Tannoy DC6 SE
A very good set of speakers that stop just short of greatness – more excitement and better balance would tip the scales in their favourWrite your own review
- Excellent integration
- Great sense of cohesion
- Good looks
- Could do with more dynamism, agility and clarity
- Some rivals sound tonally purer and more balanced
When Tannoy brought out a ‘Special Edition’ of its DC6T floor-standing speaker, we worried that it would merely be a blinged-up version of a much-loved product.
At a glance, it’s hard to tell what’s new about the Tannoy DC6 SE speakers. They have the same trapezoidal cabinet design, which reduces internal standing waves and looks lovely in its ‘espresso’ veneer.
There’s the same Dual Concentric driver layout too, which has a tweeter recessed in the throat of the mid/bass driver. Not only is it visually striking, it should make the performance more focused and improve integration.
The upgrade to SE-spec adds a new double-magnet driver motor system, with a tweaked crossover. It doesn’t sound like a massive step, but we don’t mind as long as it sounds good.

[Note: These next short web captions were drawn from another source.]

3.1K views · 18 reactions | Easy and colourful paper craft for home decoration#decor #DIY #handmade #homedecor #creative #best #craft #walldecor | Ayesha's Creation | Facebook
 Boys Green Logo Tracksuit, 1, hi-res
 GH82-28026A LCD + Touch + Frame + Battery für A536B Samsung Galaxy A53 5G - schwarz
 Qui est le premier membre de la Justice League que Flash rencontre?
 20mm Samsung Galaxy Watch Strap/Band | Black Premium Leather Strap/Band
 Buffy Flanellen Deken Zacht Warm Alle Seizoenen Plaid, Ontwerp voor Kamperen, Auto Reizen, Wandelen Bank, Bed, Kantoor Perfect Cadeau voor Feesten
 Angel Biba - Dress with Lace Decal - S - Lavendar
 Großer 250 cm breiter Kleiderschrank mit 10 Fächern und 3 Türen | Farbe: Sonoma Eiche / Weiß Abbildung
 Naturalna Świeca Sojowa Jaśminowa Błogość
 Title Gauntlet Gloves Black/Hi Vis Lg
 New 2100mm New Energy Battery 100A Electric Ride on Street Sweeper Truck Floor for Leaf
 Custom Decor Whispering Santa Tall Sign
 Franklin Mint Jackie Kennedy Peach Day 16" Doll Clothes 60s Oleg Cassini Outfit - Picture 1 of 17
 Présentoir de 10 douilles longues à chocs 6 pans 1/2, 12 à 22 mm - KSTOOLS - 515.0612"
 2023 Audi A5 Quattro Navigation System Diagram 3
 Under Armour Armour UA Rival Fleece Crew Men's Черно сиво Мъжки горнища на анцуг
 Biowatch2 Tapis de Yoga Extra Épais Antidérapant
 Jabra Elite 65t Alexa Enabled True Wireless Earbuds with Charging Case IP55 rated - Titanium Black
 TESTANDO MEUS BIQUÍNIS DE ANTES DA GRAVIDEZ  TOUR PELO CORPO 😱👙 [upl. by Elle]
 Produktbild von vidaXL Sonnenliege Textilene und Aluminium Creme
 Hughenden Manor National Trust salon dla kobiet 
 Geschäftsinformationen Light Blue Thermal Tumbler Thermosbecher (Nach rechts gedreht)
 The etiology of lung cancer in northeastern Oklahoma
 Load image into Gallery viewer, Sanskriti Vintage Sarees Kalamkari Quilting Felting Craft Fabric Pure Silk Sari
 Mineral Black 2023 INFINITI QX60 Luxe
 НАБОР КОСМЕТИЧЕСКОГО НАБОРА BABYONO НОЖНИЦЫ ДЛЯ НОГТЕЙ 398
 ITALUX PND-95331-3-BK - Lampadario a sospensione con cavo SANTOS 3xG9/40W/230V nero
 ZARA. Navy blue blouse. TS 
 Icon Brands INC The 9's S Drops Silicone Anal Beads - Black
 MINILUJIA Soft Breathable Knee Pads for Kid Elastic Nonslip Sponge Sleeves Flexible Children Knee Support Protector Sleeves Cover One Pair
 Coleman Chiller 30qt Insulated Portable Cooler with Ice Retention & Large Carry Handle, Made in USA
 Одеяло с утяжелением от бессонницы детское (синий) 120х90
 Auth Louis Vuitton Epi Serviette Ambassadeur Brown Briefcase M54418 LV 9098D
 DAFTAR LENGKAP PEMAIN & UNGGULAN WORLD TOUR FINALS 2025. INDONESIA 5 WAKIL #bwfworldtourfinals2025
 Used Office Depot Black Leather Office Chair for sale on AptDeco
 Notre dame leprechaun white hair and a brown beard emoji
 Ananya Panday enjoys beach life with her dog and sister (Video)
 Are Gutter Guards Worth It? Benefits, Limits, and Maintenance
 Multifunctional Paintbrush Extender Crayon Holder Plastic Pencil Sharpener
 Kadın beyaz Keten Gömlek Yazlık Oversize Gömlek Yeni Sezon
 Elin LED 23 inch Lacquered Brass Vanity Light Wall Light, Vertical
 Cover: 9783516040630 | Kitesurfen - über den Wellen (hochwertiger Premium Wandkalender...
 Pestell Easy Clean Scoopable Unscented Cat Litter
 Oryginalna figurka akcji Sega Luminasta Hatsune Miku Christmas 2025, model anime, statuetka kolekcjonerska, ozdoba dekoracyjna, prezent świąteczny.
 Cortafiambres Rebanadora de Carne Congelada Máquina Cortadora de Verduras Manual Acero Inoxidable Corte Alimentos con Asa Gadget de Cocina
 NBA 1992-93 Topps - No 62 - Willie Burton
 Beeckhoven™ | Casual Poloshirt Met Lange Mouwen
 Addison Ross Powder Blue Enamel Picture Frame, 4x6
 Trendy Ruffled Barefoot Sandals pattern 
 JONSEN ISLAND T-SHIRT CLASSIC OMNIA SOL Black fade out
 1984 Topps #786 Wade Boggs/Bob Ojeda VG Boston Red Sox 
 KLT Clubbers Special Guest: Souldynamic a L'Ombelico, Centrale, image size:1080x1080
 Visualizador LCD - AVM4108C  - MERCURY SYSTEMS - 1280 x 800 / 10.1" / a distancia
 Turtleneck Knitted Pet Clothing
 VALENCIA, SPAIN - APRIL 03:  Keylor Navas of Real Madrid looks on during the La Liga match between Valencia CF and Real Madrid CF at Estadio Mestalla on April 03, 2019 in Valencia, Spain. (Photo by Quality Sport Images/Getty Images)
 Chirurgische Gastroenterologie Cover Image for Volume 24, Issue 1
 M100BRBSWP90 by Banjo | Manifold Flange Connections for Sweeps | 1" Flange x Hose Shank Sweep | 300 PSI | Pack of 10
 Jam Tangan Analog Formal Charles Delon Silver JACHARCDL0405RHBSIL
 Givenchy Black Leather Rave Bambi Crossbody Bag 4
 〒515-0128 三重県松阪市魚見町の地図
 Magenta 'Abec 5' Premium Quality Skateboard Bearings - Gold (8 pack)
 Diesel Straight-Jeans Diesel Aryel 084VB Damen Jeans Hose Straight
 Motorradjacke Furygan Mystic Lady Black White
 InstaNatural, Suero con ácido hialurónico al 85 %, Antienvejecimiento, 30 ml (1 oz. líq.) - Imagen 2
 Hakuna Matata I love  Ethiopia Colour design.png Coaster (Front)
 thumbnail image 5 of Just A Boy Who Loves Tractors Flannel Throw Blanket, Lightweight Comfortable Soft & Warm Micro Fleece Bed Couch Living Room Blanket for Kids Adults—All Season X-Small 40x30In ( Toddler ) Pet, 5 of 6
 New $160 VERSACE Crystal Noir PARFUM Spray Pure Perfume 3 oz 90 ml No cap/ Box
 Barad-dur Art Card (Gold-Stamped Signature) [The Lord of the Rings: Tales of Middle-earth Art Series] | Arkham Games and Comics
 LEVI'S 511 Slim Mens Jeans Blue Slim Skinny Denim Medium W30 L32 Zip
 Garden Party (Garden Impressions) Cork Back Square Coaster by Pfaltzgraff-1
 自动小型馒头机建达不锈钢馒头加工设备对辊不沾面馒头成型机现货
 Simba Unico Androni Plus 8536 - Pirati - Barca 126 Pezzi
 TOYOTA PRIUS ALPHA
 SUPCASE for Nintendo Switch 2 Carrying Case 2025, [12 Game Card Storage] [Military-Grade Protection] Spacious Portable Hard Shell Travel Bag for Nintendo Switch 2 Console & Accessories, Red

First things first: these speakers take about half an hour to wake up properly, even after significant running-in. Until then they’ll sound a little lightweight. With that out the way, we tuck in.
The best thing about these speakers is how they tie everything together: the different frequencies are properly integrated. Play a complex piece – Atoms for Peace’s Ingenue, for instance – and there’s a lovely sense of cohesion between the various elements.
The sound seems to emanate from a single drive unit, getting that much closer to the ‘point source’ ideal, where sound comes from a single point in space.
We also like the speed at which the DC6 SEs operate. They’re responsive speakers with a good sense of rhythm. Up against some rivals, however, the Tannoys could do with greater precision and clarity. There’s a slight tonal unevenness that muddies the sound a little, particularly at the top end.
These speakers are certainly musical: as we skip between genres of music, the presentation changes, shifting gears up and down accordingly.
We'd like more excitement, though: there’s a good sense of weight, but when we play The XX’s Heart Skipped A Beat, the DC6 SEs struggle a little to get a sense of travel between hand-claps, dead silence, and a kick drum.
Good looks and good sound: that’s what you get with the Tannoy Revolution DC6 SEs.
We really like them, but then again there's no shortage of strong rivals offering greater dynamism, or balance, or refinement. These are good speakers, but they need that sparkle to make them great.